As retail customers, we have been probably exposed to the automated, technology oriented retail banking side of banking; where the operations management approach is applied to the branch('factory') to maximize flow('loans processed, accounts opened etc). Data mining is used to generate insights and make those offers of 'preapproved loans', 'life time free credit cards'. 'boosting credit limit' etc. Little personalized human insight/attention is given in those decisions.

But on the wholesale side, it all boils down to relationships. Given that the platform('infrastructure') of banks is quite similar nowadays (or can be outsourced easily), the dividing factor boils down to trust and relationships. Even where the balance sheet/financial projections etc may not support a positive credit decision, the relationship may tip the balance in the favour of approval. And given that there is no uniform price/price list for a transaction(there is often a deal RORWA though), there is ample discretion on the client facing executive to structure the deal. Agency problems are mitigated by P&L based bonuses, offloading the risk(thus forcing pricing to be realistic to avoid facign a loss) etc.

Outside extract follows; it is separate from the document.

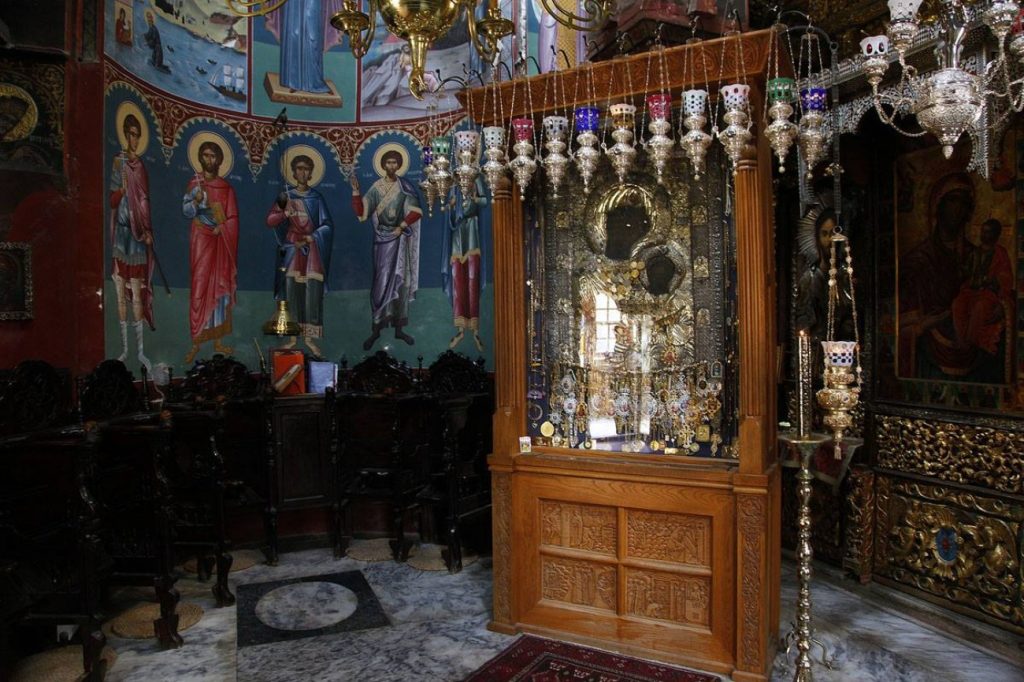 Συνελήφθη ο Ρουμάνος που είχε κλέψει τα τάματα από τη Μονή Ιβήρων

So which approach is better? I guess where someone needs credit(in whatever form-prepaid swaps, loans, guarantees etc), they are better off with a personalized approach where someone counsels them on presenting the case better, acts in their interest etc. But for transactional business, relationship managers may just be an unnecessary overhead unless they can leverage their client business understanding to add value.

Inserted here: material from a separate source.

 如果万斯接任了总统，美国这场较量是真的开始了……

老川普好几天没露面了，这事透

As a small guy entering the banking door for the first time, I'm probably better off with a relationship manager, than navigating a morass of weird technology platforms. But the reality is that I will not get one, till I'm too rich to need them!! Financial literacy campaigns and outreach centres do help bridge the gap, but they seem a case of too little too late. So in balance, I would support a banking business model which uses technology to build a LOW cost platform, but which vests discretionary power(within limits) in the front office to offer better terms to the client. This may result in some corruption, but overall the financial inclusion objective would be served better.

'Basics of Banking'-or merely 'lazy banking'

Open the annual report of most banks, and turn to the CEO's message. In most cases, you will notice that they profess a return to the 'basics of banking' by focusing on costs, risks, capital, liquidity and what not! The quest for growth has been replaced by a quest for profitable growth. And why not? The pre-2008 ROEs of 15%+ are now projected to be well under 15%, thanks to the stringent capital norms under Basel III. If shareholders need to maintain their expected return, it needs to come by squeezing someone. And that someone is likelier to be external stakeholders(customers, counter-parties, taxmen) than internal stakeholders(employees, directors).Banks are now squeezing customers on terms(more watertight/one sided agreements, higher ROE transactions, collateral, ISDAs etc) and wanting to make profits with little risk.

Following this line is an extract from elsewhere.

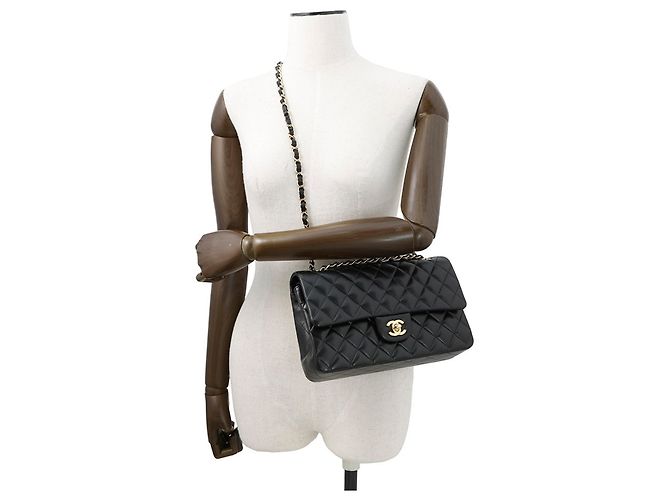 Chanel Matelasse 25 Chain Shoulder Bag Black - view 5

When banks had cheap funding at near zero prices(cheap deposits, wholesale funding etc) in the post bailout scenario, they did not increase their lending proportionately, but instead used that capital to back their trading activities. That is why the FICC(Fixed Income, Commodities and Currency) derivatives units of banks posted record profits in 2009, before the global risks/capital norms pushed it down in 2010. This did not go down well with politicians, who felt that banks had not fulfilled their part of the bargain by 'priming the pump' and funding businesses. And that is where the phrase 'lazy banking' was applied to banks, who preferred making trading profits to conventional banking income(lending, fees) etc.

Of course, banks stayed oblivious to this, with some CEOs saying that they wished they had not taken the  bailout funds, or that they were 'doing God's work'. The heightened focus on all fronts-regulatory(forced mergers, Basel III), tax(HSBC, UBS severely penalized for helping tax evaders), corporate governance(independent directors, compensation oversight) and economic(pushing more transactions to be done on exchanges-despite the fact that it would lower profit margins)-served as a harsh wake up call.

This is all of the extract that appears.